バレンタイン・パーティ

21世紀が始まったかと思うと、気がついたらもう、バレンタインの季節。 人間、年を取ると共に、月日が経つのが早く感じるというが、私もまさに、あっという間に過ぎてゆく感覚を持つ年齢に、なってしまったようだ。

2月14日のバレンタインは、日本にもアメリカにもあるのだが、ちょっと日本のバレンタインと違うのが、アメリカ式だ。アメリカのバレンタインには、男性から女性へ、または女性から女性へ、友達や恋人の間で贈り合う。「バレンタイン=チョコレート」ではなく、カードだったり、花だったり。物を贈る場合もハートやピンク、赤色系のアイテムが多い。我が家では、毎年 彼がフラワーアレンジメントの素敵な花をプレゼントしてくれている。

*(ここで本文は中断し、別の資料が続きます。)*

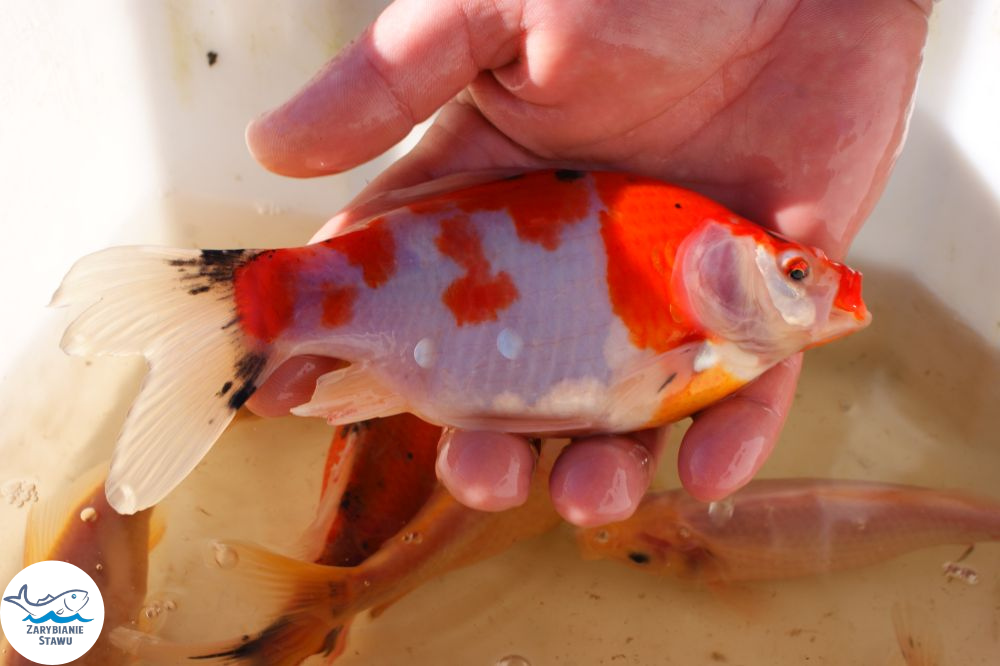 Narybek karp amur tołpyga (węgorz lin sum sandacz jesiotr) Biała Podlaska - zdjęcie 12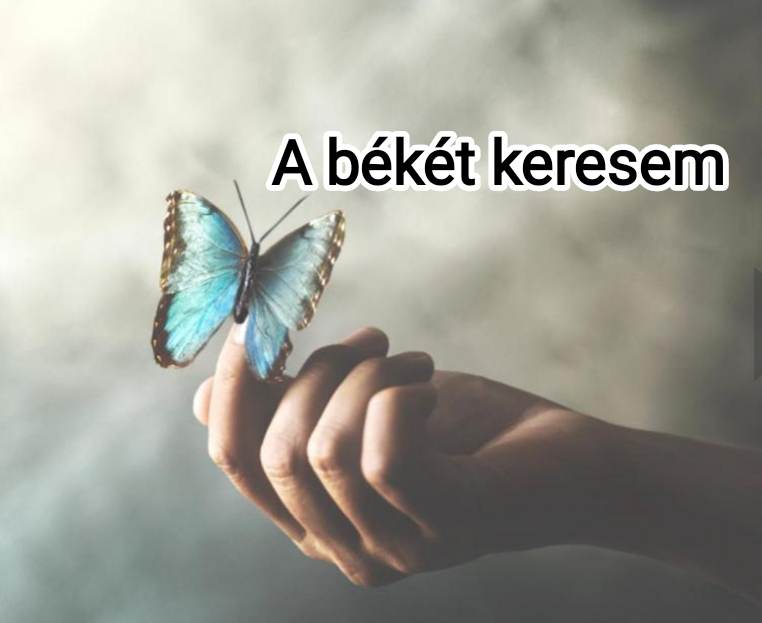 a_beket_keresemjokep.jpg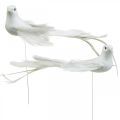 Floristik24 Colombes blanches, mariage, colombes décoratives, oiseaux sur fil H6cm 6pcs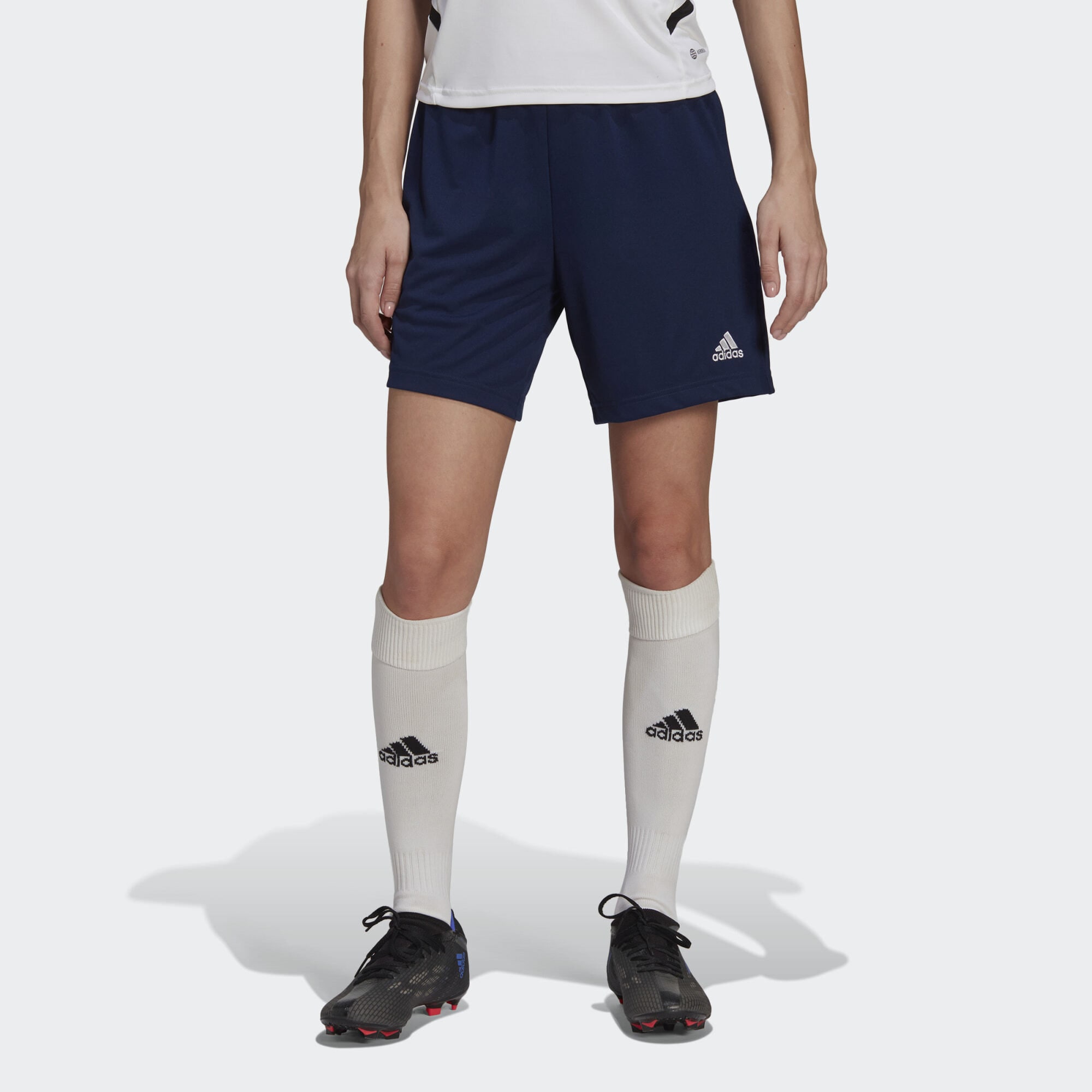 adidas Entrada 22 Training Shorts (9000127325_3024)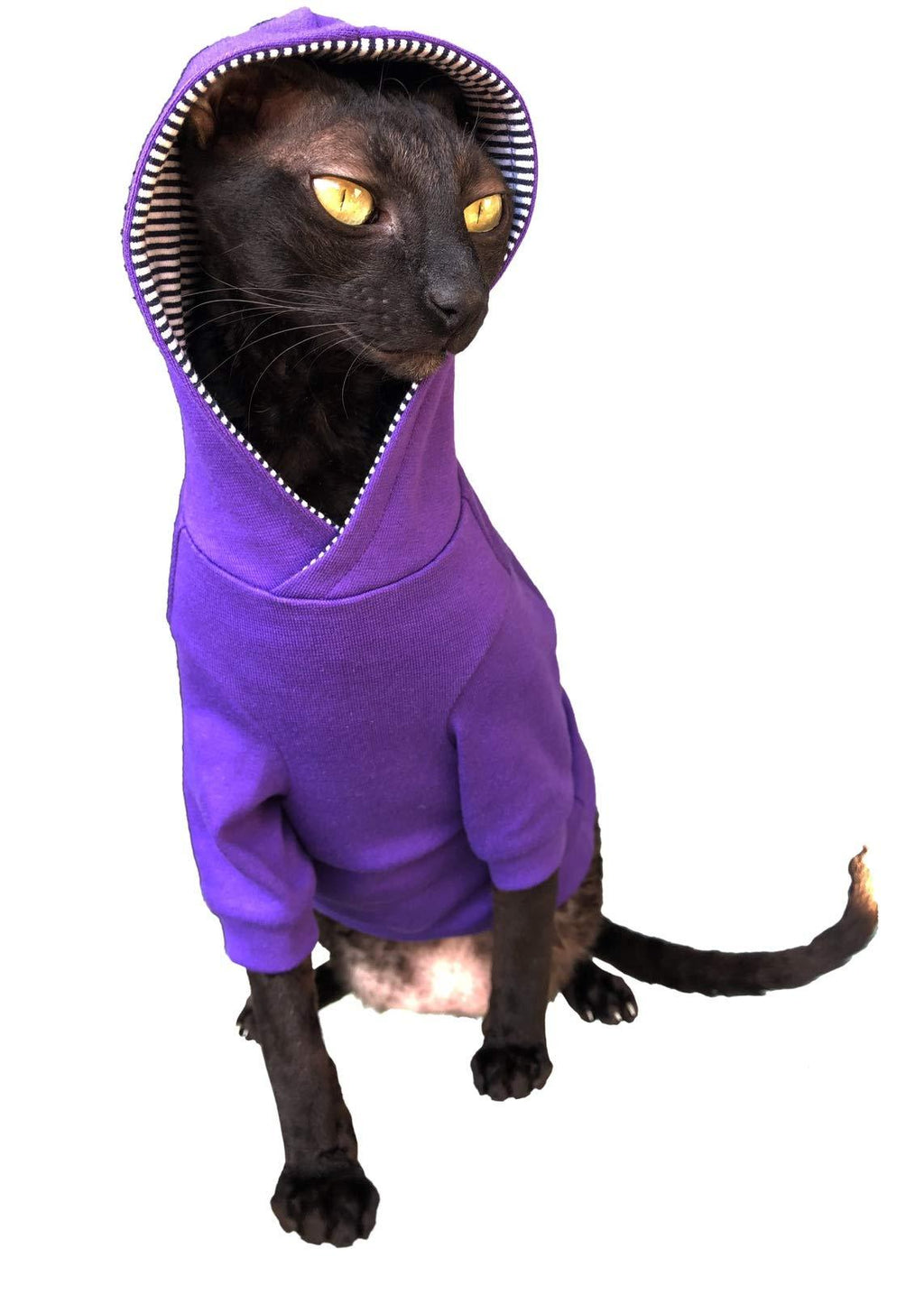 Kotomoda Sphynx Cat's Hoodie InPURPLE Naked Cat Hairless Cat Clothes (XL) XL - PawsPlanet Australia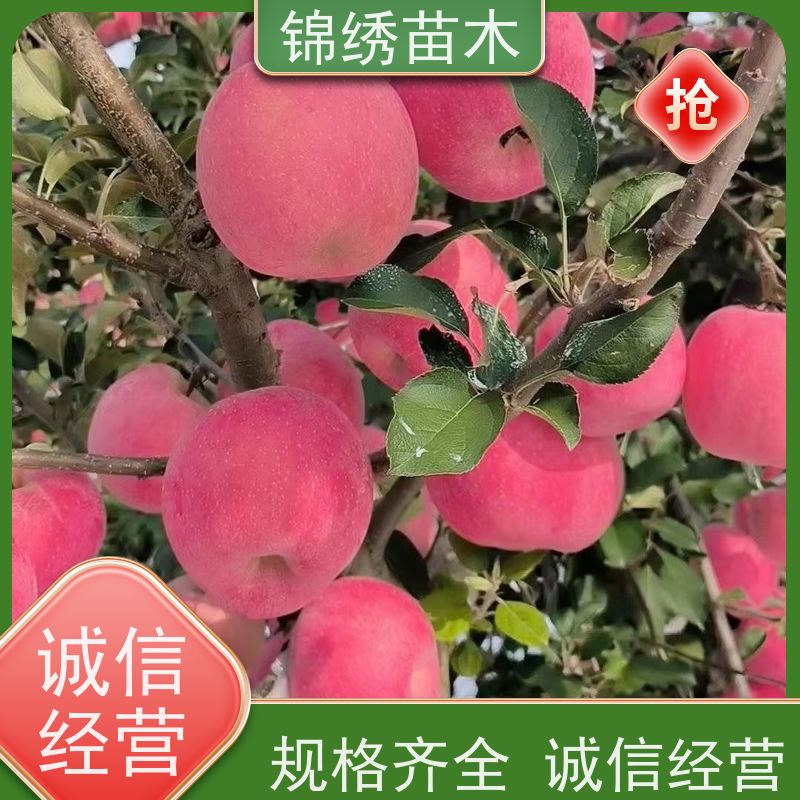 新品种瑞雪苹果树苗 众诚三号 矮化秦脆爱妃苹果苗 皮薄肉脆 商品果高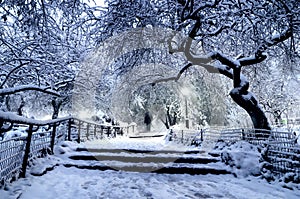 Winter landscape in Central Park. New York City. USA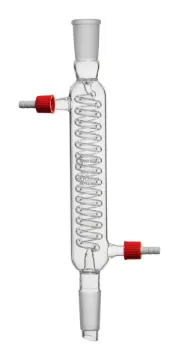 SS243956_1.jpg
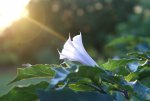 DSC04429_900.jpg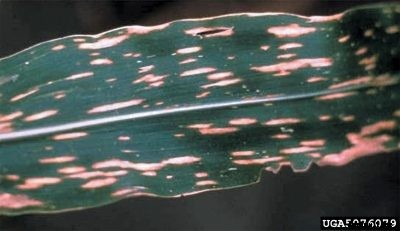 Southern Corn Leaf Blight Treatment – What Are Symptoms Of Southern Leaf Blight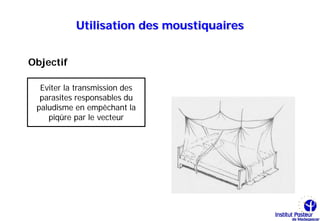 Utilisation des moustiquaires


Objectif

  Eviter la transmission des
  parasites responsables du
 paludisme en empêchant la
    piqûre par le vecteur
 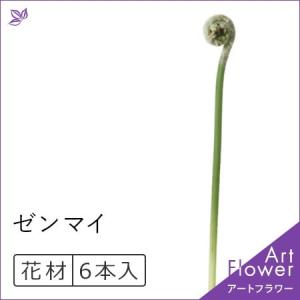山菜 ゼンマイ 花 ガーデニング の商品一覧 通販 Yahoo ショッピング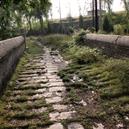 Plants: image 2 0f 4 thumb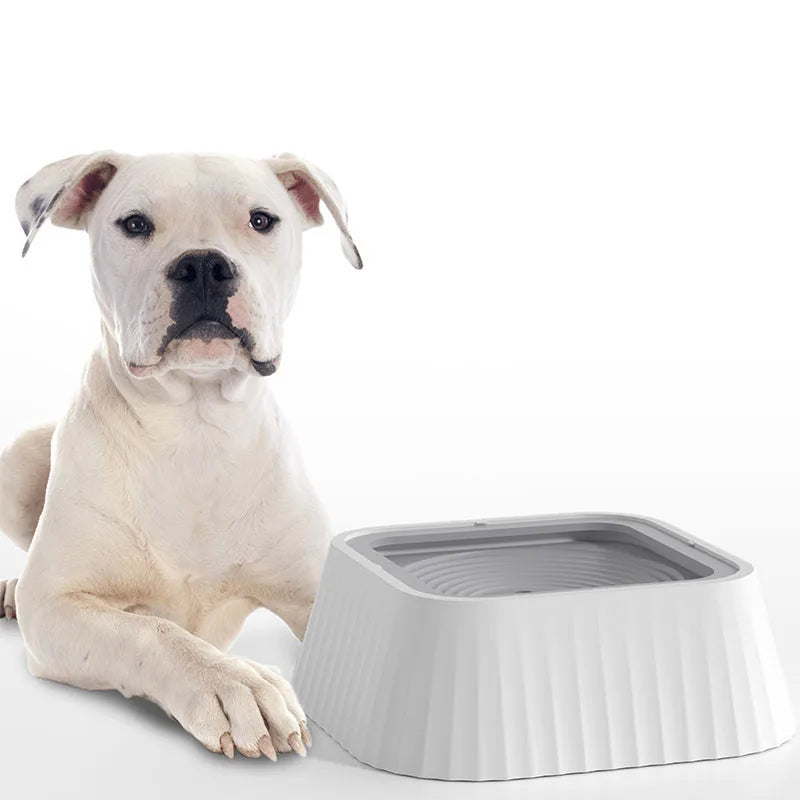 Dogs drinking from anti-spill floating design water bowl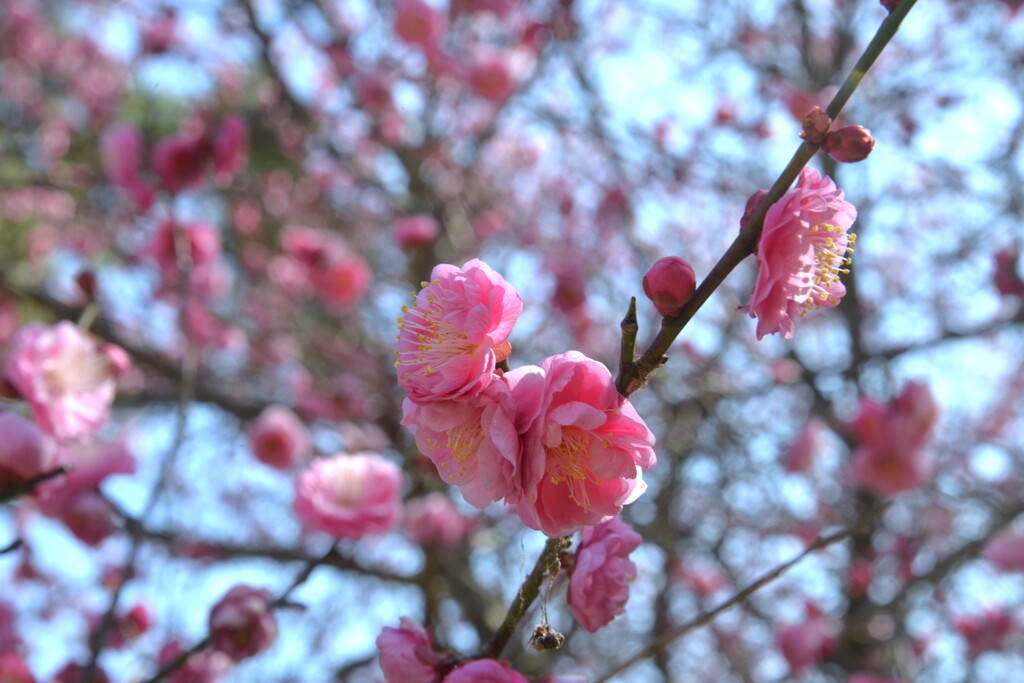 春の綱引神社　①。。。！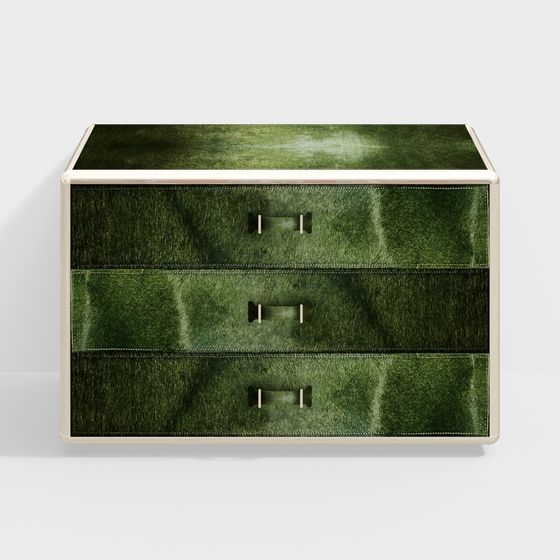 ロベルト・カヴァリ フライケース2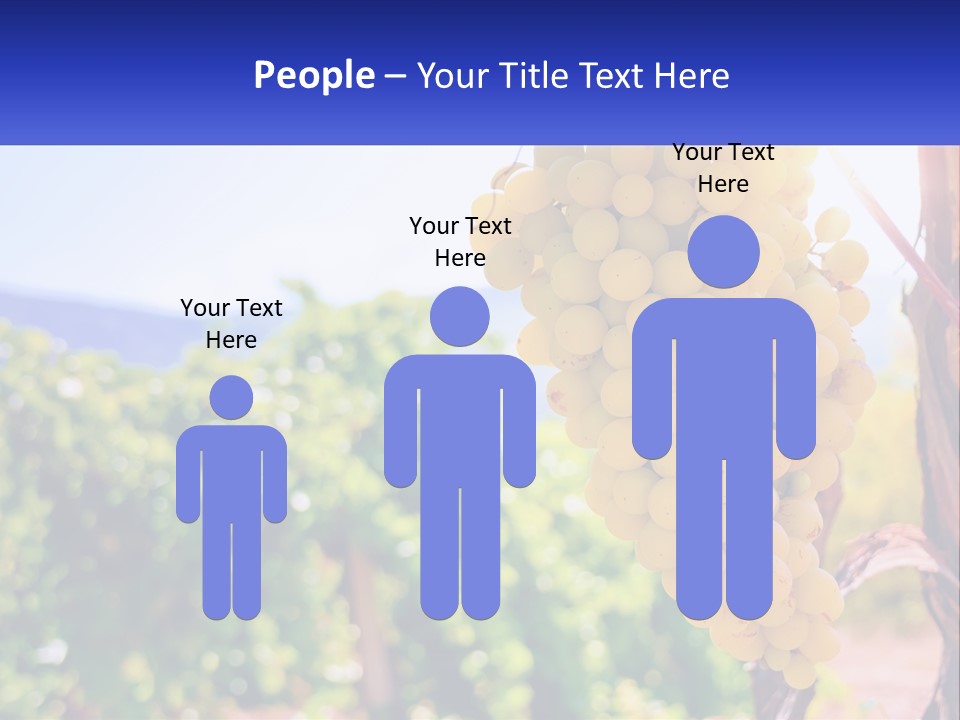 Architecture Conceptual Property PowerPoint Template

朝、"Happy Valentine, Sweety!"と、彼の頬にキスをして、早速 幼稚園へ向かう。
今日は 我がクラスでは、Valentine Exchange と Pizza Party をする予定だった。
Valentine Exchange とは、子ども達が それぞれ クラス人数分のカードやチョコレートなどを持ってきて、皆で交換をし合うことを指す。朝から 子ども達は自分が何を持ってきたか、見せ合って興奮をしていた。

カードは、やはり流行りのキャラものが多く、ディズニーの Toy Story のバズや Dinosaur, Powerpuff Girls や Blue Clues なんかの直径5cm くらいの ミニ・カードに名前を添えてあるものだ。2,3歳のコは、ママが書いたもの、4歳のコは ちゃんと自分でサインをしてあるのもある。

この日のために、私たちは数週間前から バレンタイン・ボックスを作り、デコレーションをしていた。普通は、幼稚園では、ボックスは靴の空き箱を使用する。箱を白紙で包んで、その上から子ども達がそれぞれ、色塗ったりコラージュするのだった。今年は、ある父兄が沢山のプラスティックのおむつふき箱をくれたので、それを使用することにした。

Glitterというキラキラするペイントでカラフルに色塗り、そしてピンクや赤の羽、ハートの木、ボタンなどで、デコレーションをする。何日にも掛けて箱を作り上げた子供もいるし、3日くらいで簡単に仕上げてしまった子もいた。
その上から、大きく名前と、そしてその横に、それぞれの写真を貼り付けた。字の読める4歳の子ども達には、そのボックスが誰のものか名前で分かるが、2歳半の子ども達は、ボックスを写真で判断する。どの子も平等に分かるように、配慮する。 

そして、11時、ちらほら父兄も集まったところで Valentine Exchangeだ。2人ずつ、全員の子供に手渡ししてゆく。貰った子ども達は、自分の箱にしまってゆく・・・。
カードなど沢山貰っても、きっと後で読んだりしないとは思うのだが、子供というのは なんでも欲しがる。とりあえず、貰いたいらしい。(笑)それぞれの箱は、収まらないほど沢山のバレンタインになった。私たち、教師も子ども達(父兄)からバレンタインの贈り物やカードを頂いた。

頼んでいたピザのデリバリーもやってきて、ピザパーティが始まる。
ママたちと一緒に食べるペペロニ・ピザに、子ども達も大満足。そこへ ある女児のパパがやってきた、2本のバラと共に。
「はい、これは ママに、そしてこれは 君に・・・。」と妻と娘にバラを贈るパパ。う〜ん、イイやないの〜!!こんな小さな女の子にも 時には、「女」として扱ってくれるアメリカのパパ。

今年も まあ 無事にバレンタイン行事が終わった。(実は行事モノは、とっても疲れるものである。)
仕事が終わって疲れて家に帰ると、彼はパスタを作って待っていてくれた。昨夜から洗ってなかった食器も 綺麗に片付いていた。仕事から帰って、料理が出来ているときほど 嬉しいことは無い。
"Thank you, honey. I love you." 週末に、欲しかったサングラス買いにいくの 忘れないでヨ!